* _DESCRIPTION OF THE TASK_
Reproduce only what runs from the line containing "GUB CX-18 31.8mm" to the line containing "HDPE Drainage Pipe" in the records below, inclusive. Keep it exact, and keep the pictures out.

* _SOURCE MATERIAL_
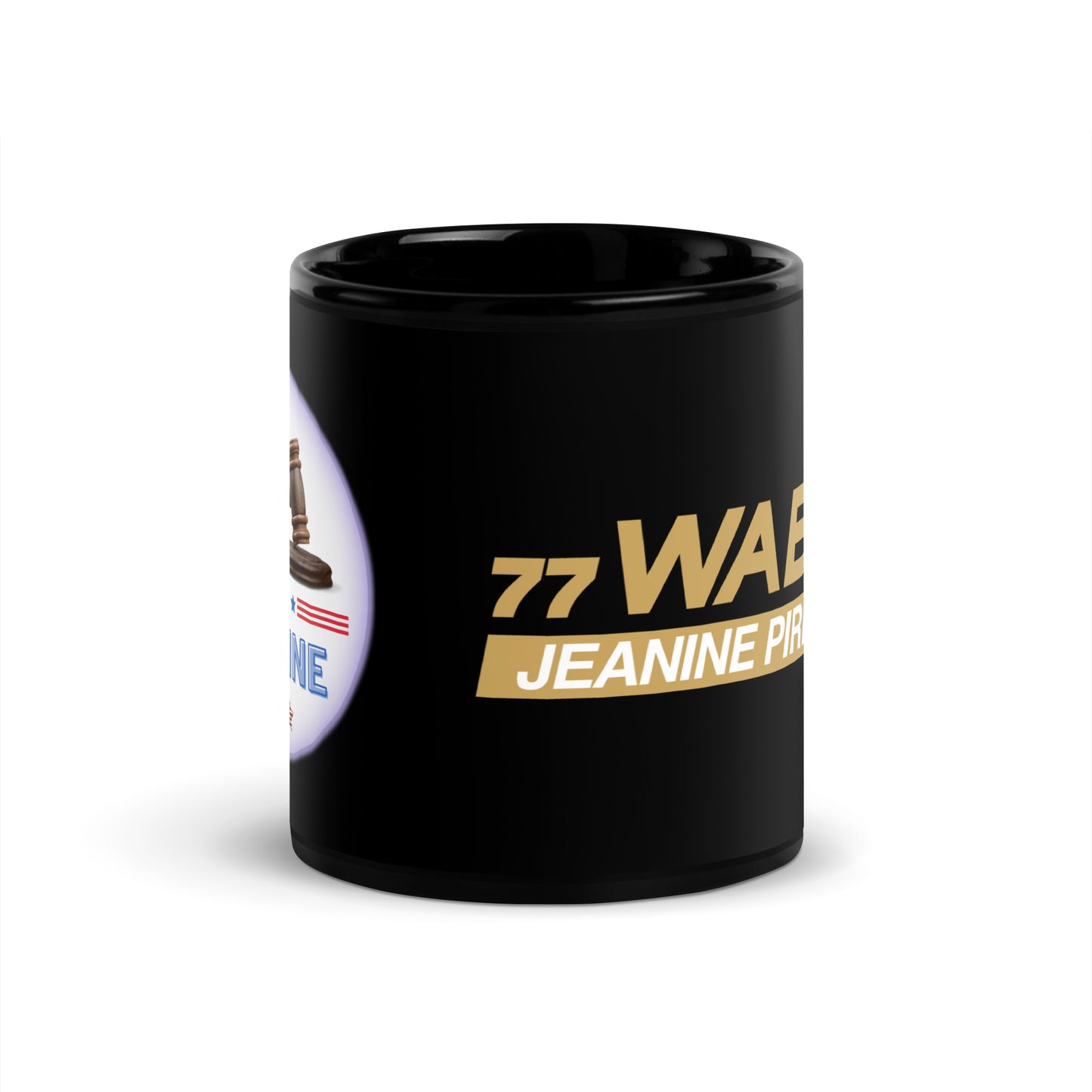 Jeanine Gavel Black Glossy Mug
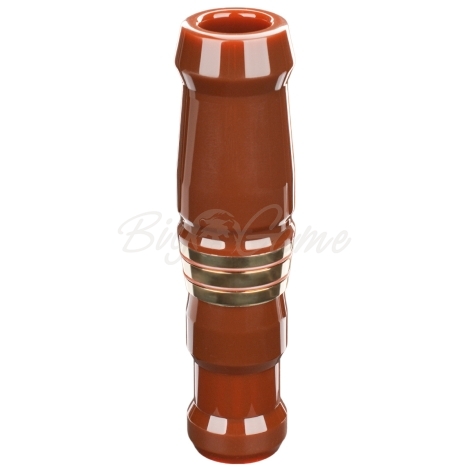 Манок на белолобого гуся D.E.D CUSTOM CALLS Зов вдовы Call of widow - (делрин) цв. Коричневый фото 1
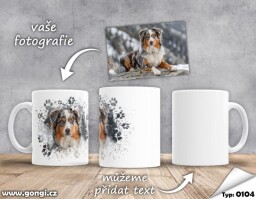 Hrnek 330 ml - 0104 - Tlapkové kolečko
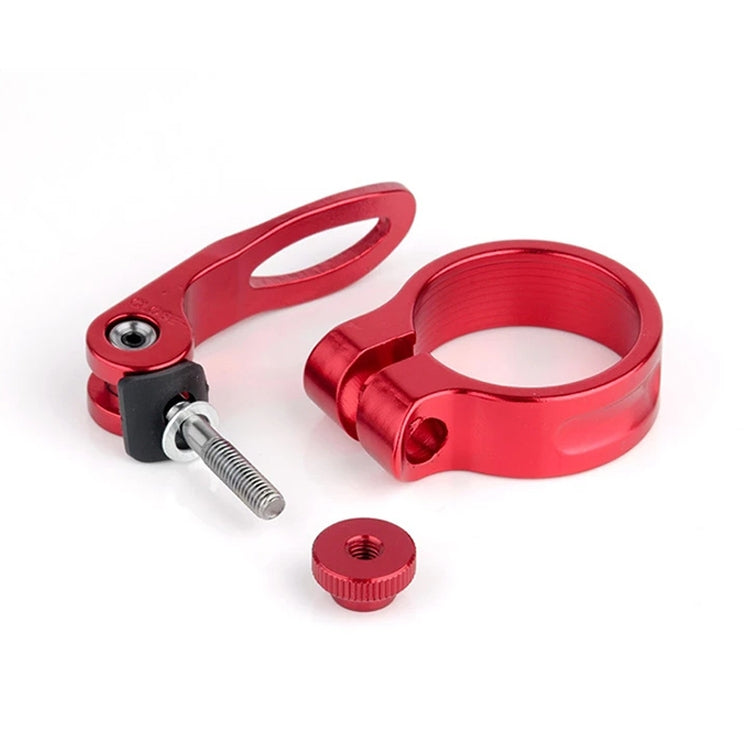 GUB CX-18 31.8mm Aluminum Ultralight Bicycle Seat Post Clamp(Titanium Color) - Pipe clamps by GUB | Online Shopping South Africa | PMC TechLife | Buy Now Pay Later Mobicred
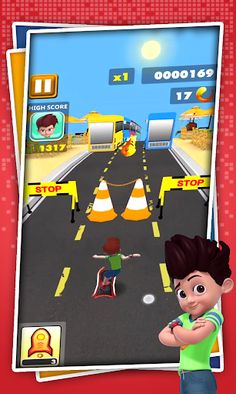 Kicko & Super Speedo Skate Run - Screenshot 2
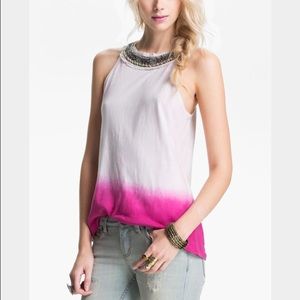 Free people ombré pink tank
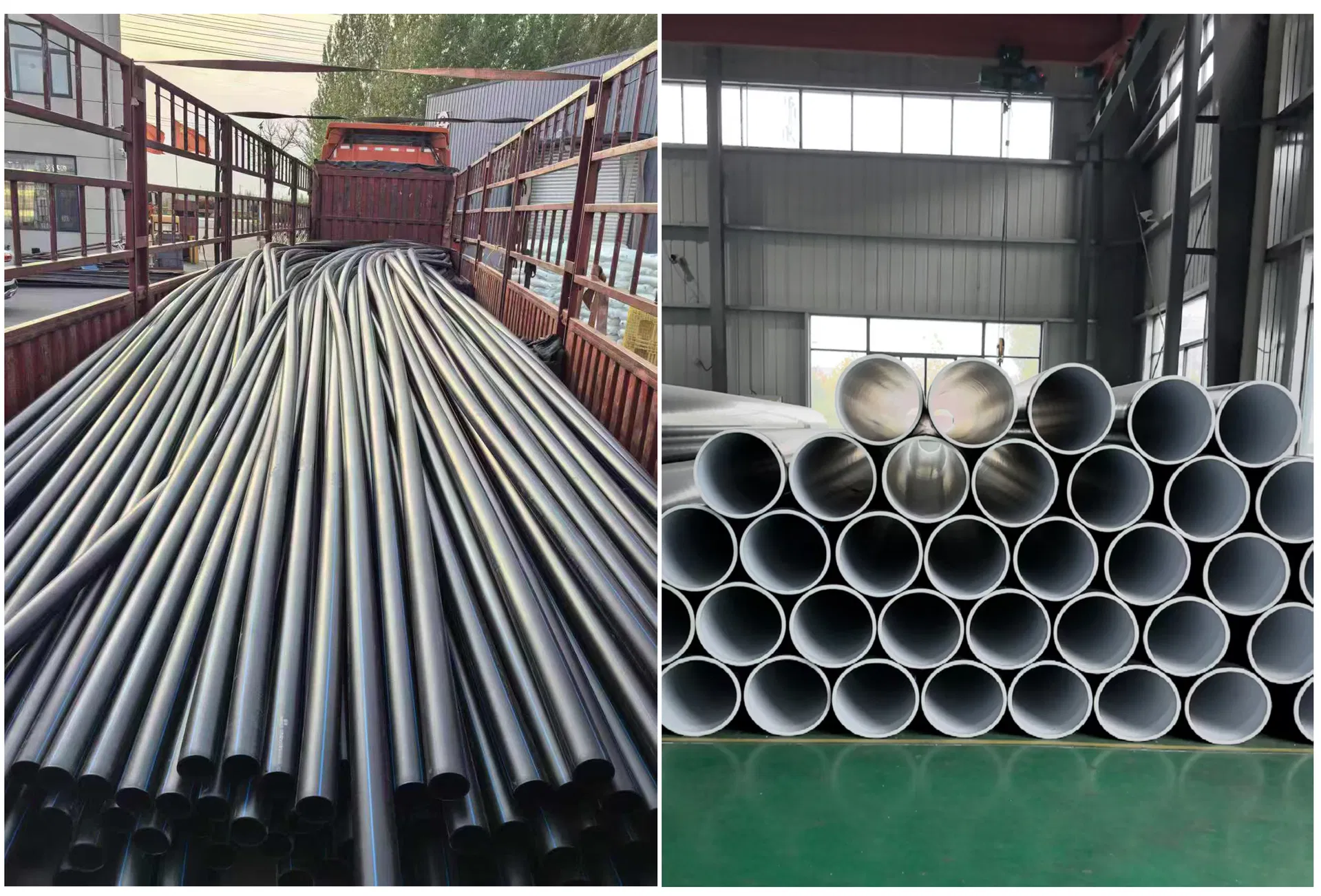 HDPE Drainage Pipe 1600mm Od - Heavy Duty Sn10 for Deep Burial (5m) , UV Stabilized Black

* * *

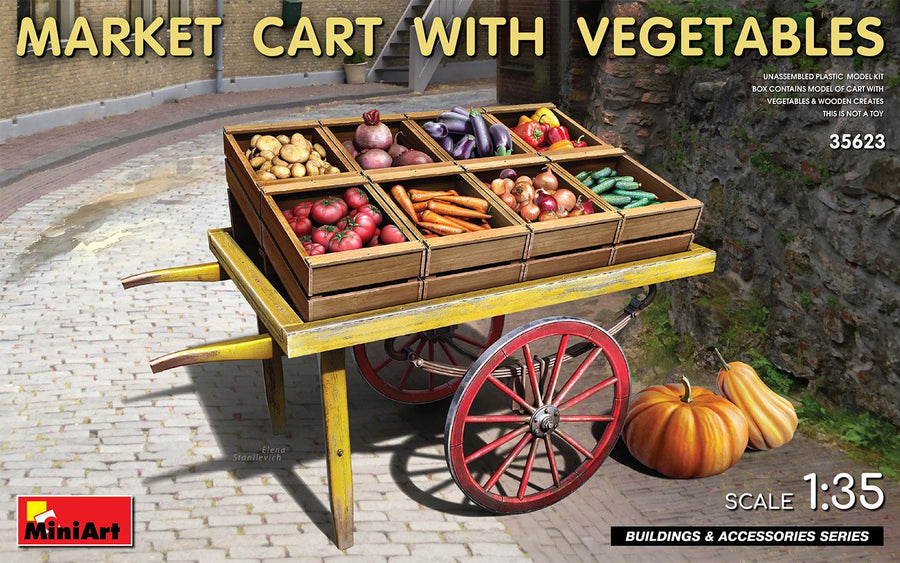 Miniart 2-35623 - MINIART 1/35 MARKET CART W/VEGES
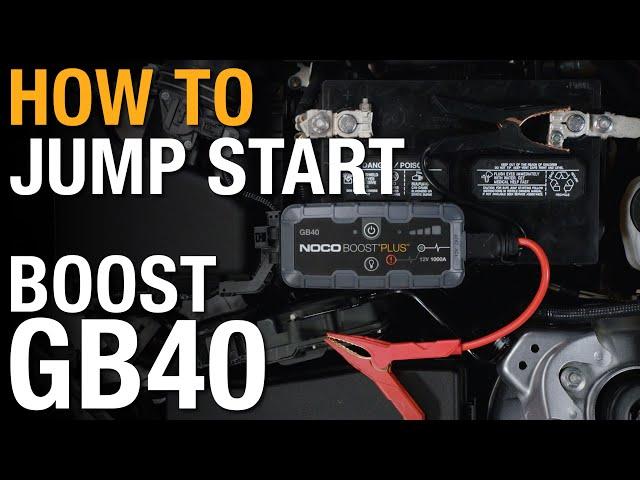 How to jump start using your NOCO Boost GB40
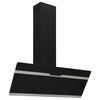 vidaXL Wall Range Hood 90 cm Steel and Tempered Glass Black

* * *

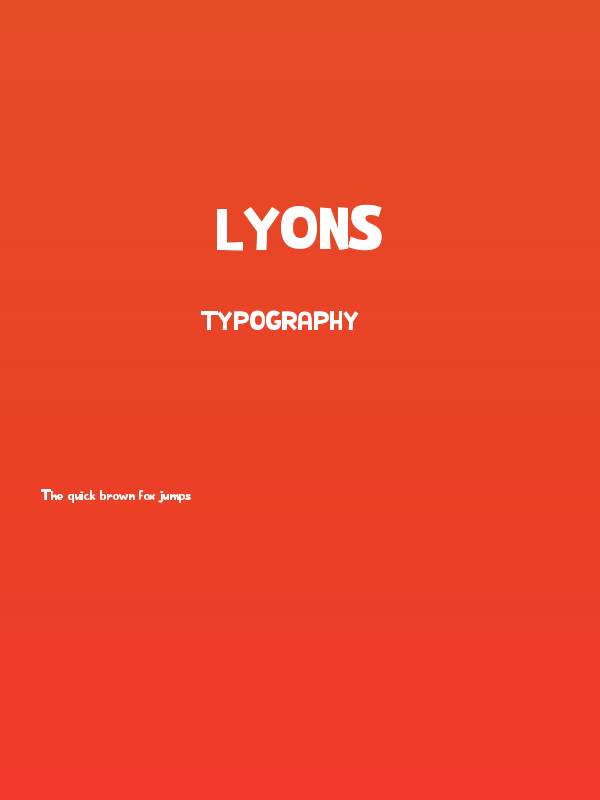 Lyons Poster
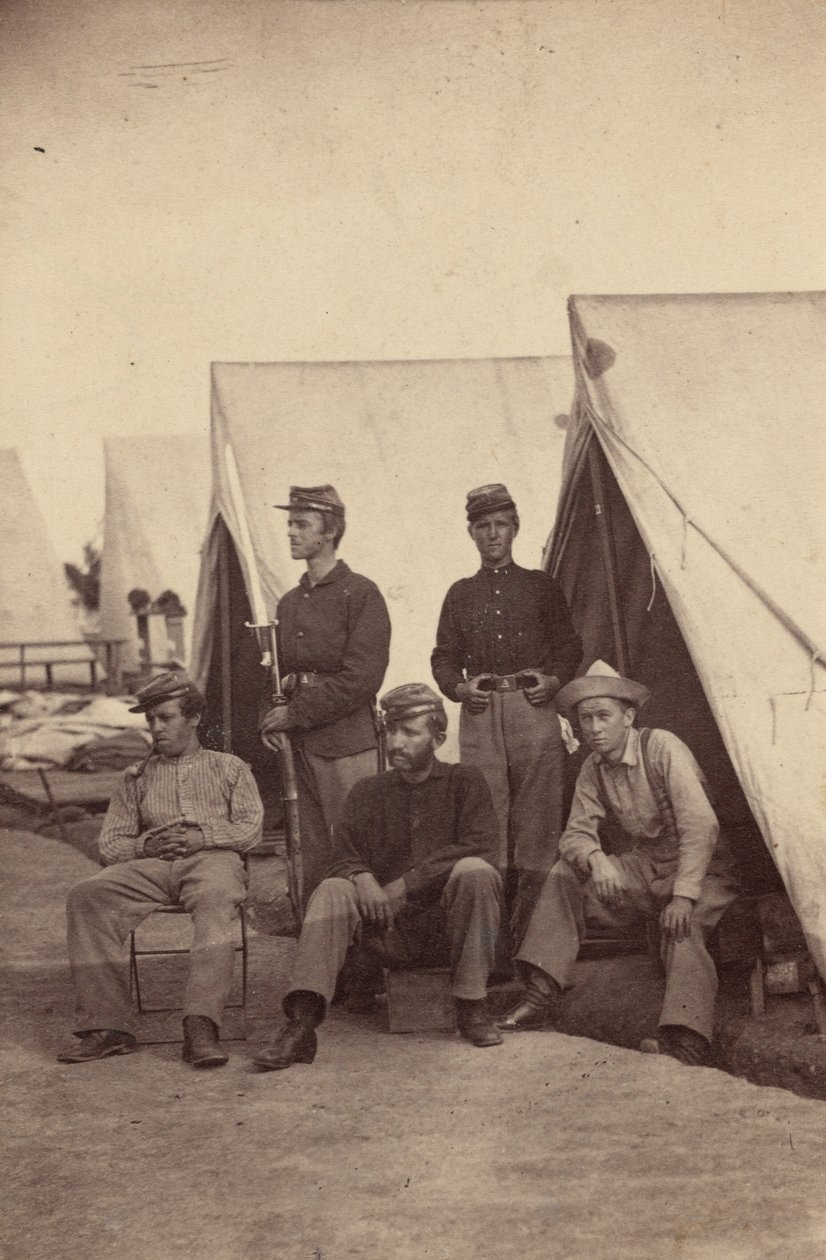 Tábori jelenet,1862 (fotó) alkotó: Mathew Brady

* _EXPECTED OUTPUT_
 GUB CX-18 31.8mm Aluminum Ultralight Bicycle Seat Post Clamp(Titanium Color) - Pipe clamps by GUB | Online Shopping South Africa | PMC TechLife | Buy Now Pay Later Mobicred
 Kicko & Super Speedo Skate Run - Screenshot 2
 Free people ombré pink tank
 HDPE Drainage Pipe 1600mm Od - Heavy Duty Sn10 for Deep Burial (5m) , UV Stabilized Black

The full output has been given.